The Securities Appellate Tribunal (SAT) has extended the deadline for Religare Enterprises Ltd to comply with the Securities and Exchange Board of India's (SEBI) order until 22 July. This order, issued on 19 June, required Religare to seek approval from regulatory authorities, including the RBI, for the Burman Family's open offer by 12 July.
Religare had contested SEBI’s order, which also demanded an explanation from Religare, its chairperson Rashmi Saluja, and five others on why they should not be barred from participating in capital market activities.
A senior counsel involved in the matter stated, “SAT has stayed the show cause notice.
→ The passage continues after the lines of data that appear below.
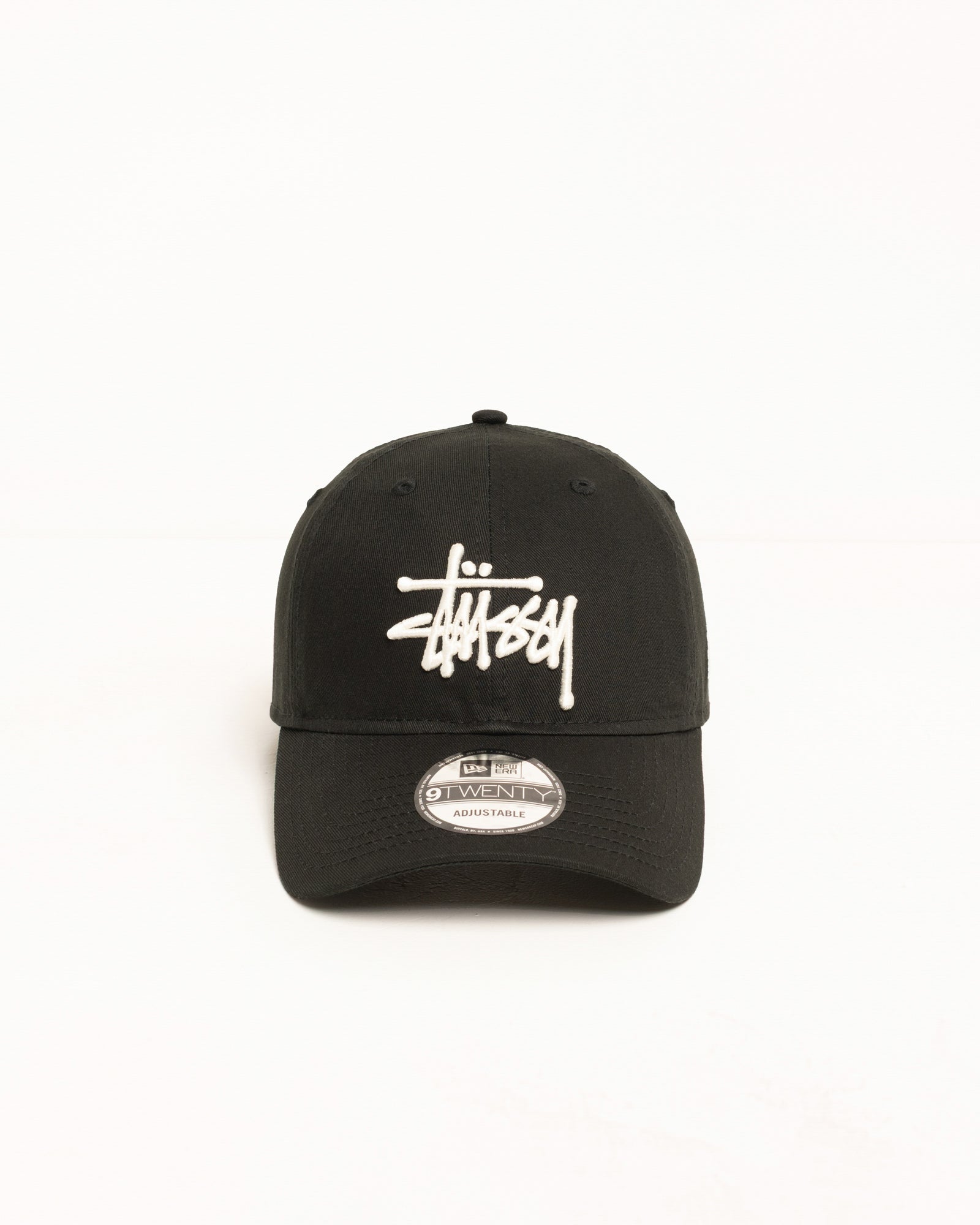 Stussy 9Twenty Basic Cap cappello Black cotone taglia unica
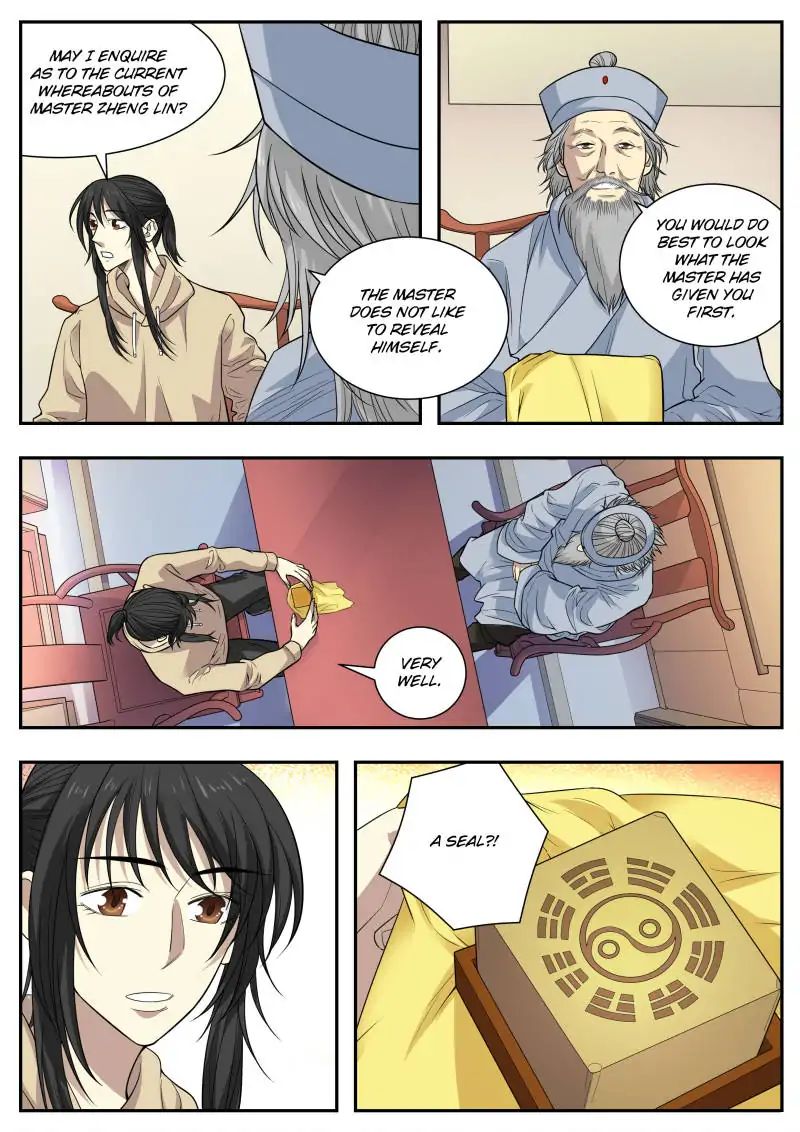 Collecting the Divine Chapter 62 - Page 6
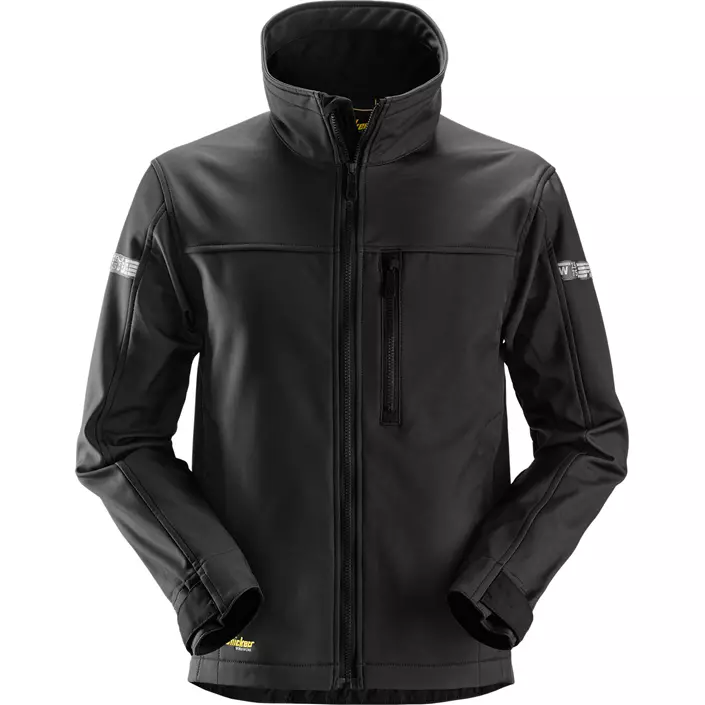 Snickers AllroundWork softshell jacket 1200, Black, large image number 0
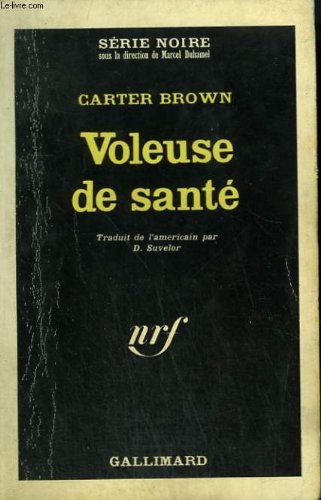 Couverture Voleuse de sant Gallimard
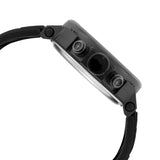 ELIZ ES8780G8NGN PC Case & Silicone Strap Analog-Digital Men's Watch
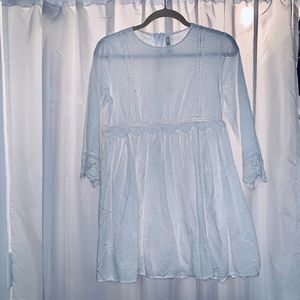 White Short Dress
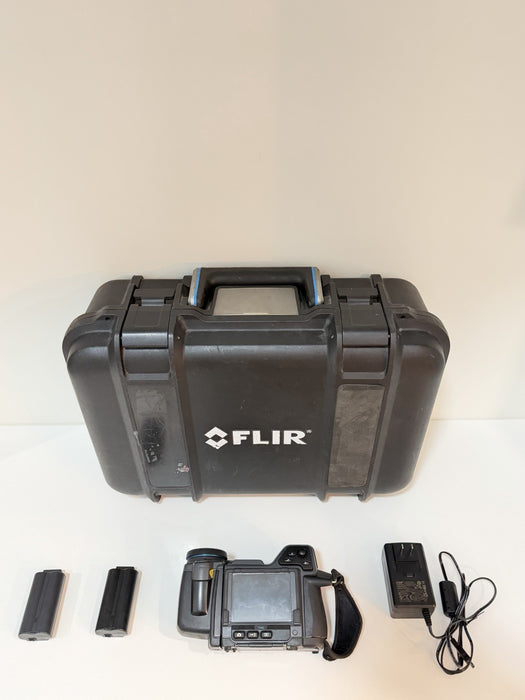 FLIR T440 THERMAL IMAGING CAMERA WITH ACCESSORIES & CASE TESTED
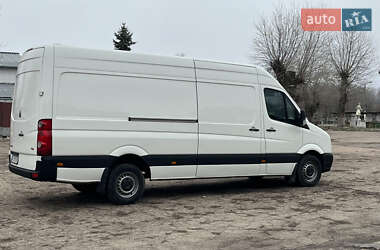 Вантажний фургон Volkswagen Crafter 2008 в Жовтих Водах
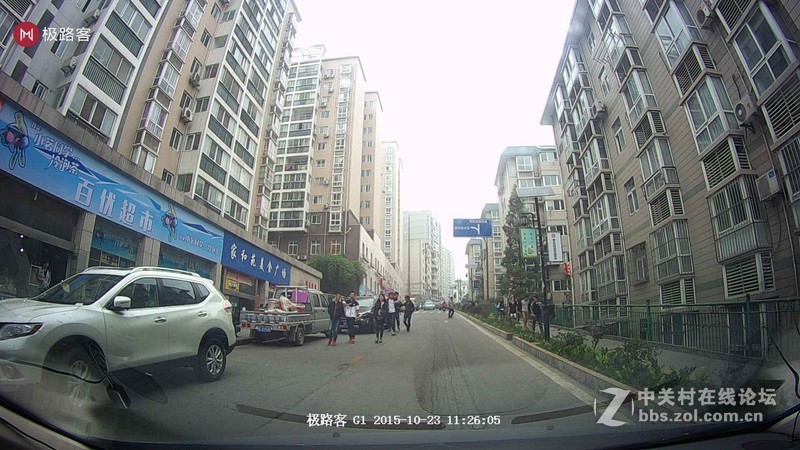 极路客G1行车记录仪试用+爱车多了一只眼睛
We requested time to apply until 22 July without prejudice to all our rights and contentions.” Before September 2023, the Burmans held a 21.54% stake in Religare Enterprises. On 25 September 2023, under SEBI’s Substantial Acquisition of Shares and Takeovers Regulations, the Burmans announced their intention to increase their stake by 5.27%, triggering an open offer.
A bench led by Justice Dinesh Kumar has directed SEBI to respond within four weeks, scheduling the next hearing for 26 August.
The Burmans proposed an open offer to purchase 9 crore shares, representing a 26% stake at ₹235 per share, totaling ₹2,115 crore. Since then, disputes have arisen between the Burmans and Saluja over the acquisition. The Burmans accused Saluja of obstructing the open offer, which she denied, arguing that the Burman family was not ‘fit and proper’ for the acquisition.
Senior counsel Ravi Kadam, representing Religare, requested time to apply to regulators until 22 July without prejudice to their rights and contentions. He argued that the Burmans were allegedly involved in the Mahadev betting scam, rendering them unfit for the acquisition. Religare has also sought the Delhi High Court’s direction for SEBI to investigate the Burman Group, with a hearing scheduled for 20 August.
In November 2023, Mumbai police reportedly booked 32 individuals, including Dabur group director Gaurav Burman and chairman Mohit Burman, in connection with a betting scam. SEBI's counsel argued that the company has no right to obstruct the acquisition, as this decision rests with the shareholders.
The acquisition was finalized in January when the Burmans officially acquired a 25.18% stake in Religare Enterprises. Last year, Religare objected to the open offer, citing the Burmans’ unfitness for acquisition. SEBI requested documentation supporting these claims and subsequently directed Religare to apply to the relevant regulators within 15 days. SEBI clarified that the 'fit and proper' allegations against the Burmans would be addressed separately by each regulator after the applications were submitted.
Religare criticized SEBI’s directive to apply to RBI, IRDAI, and SEBI, calling it an overreach and a clash with the powers of Religare's Board of Directors. The Burmans had complained to SEBI about Religare's lack of cooperation, which hindered their efforts to obtain regulatory approval and complete the open offer process.